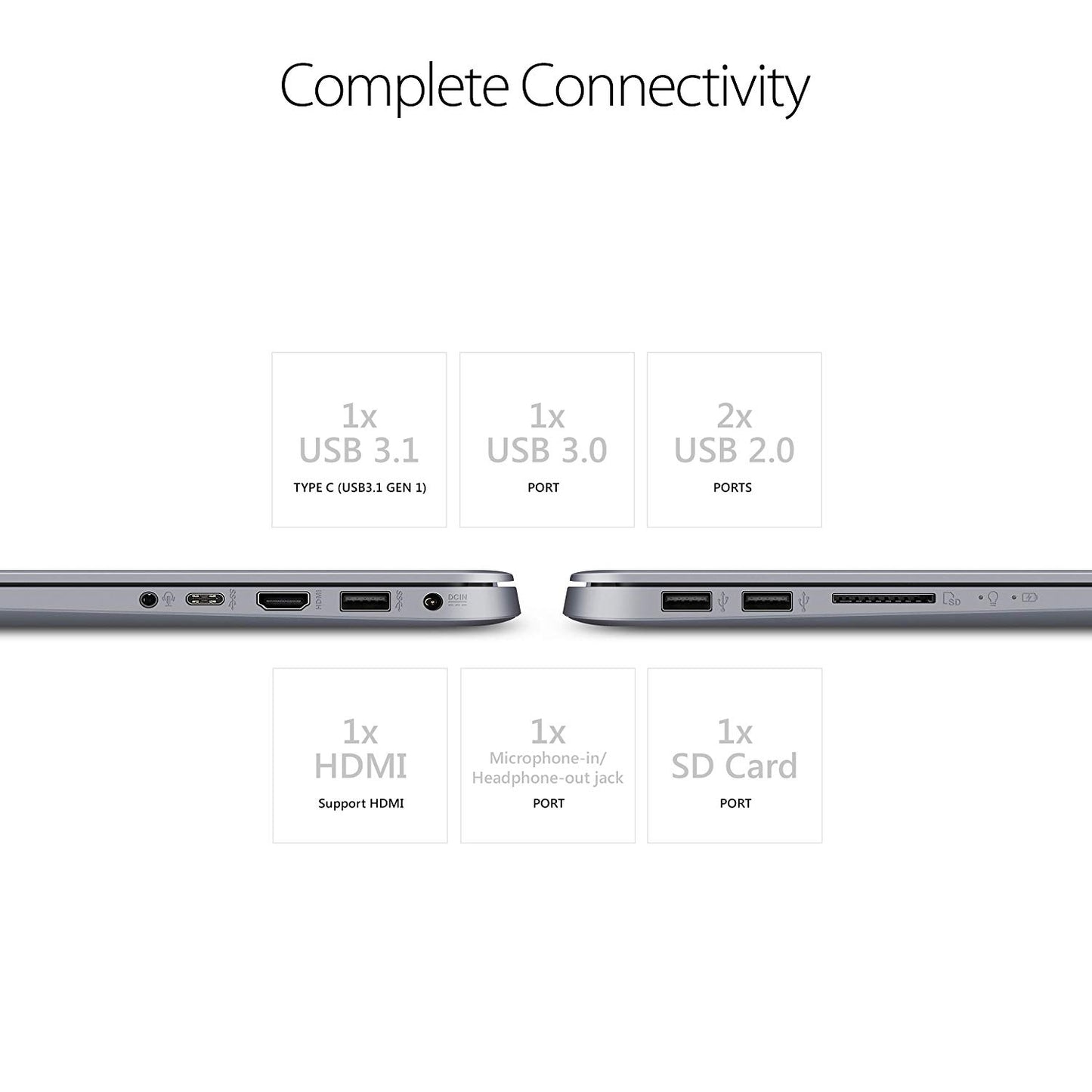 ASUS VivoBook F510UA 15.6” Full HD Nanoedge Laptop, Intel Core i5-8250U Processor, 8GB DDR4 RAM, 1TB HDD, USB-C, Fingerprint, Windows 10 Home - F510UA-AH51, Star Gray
* * *
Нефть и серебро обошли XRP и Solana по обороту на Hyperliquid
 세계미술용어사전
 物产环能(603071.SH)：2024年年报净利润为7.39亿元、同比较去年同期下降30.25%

◆ **Task brief**
Of the entries listed above, reproduce only the lines starting at the line containing "Нефть и серебро" and ending at the line containing "物产环能(603071.SH". Include both, exactly as they stand.

◆ **Solution below**
Нефть и серебро обошли XRP и Solana по обороту на Hyperliquid
 세계미술용어사전
 物产环能(603071.SH)：2024年年报净利润为7.39亿元、同比较去年同期下降30.25%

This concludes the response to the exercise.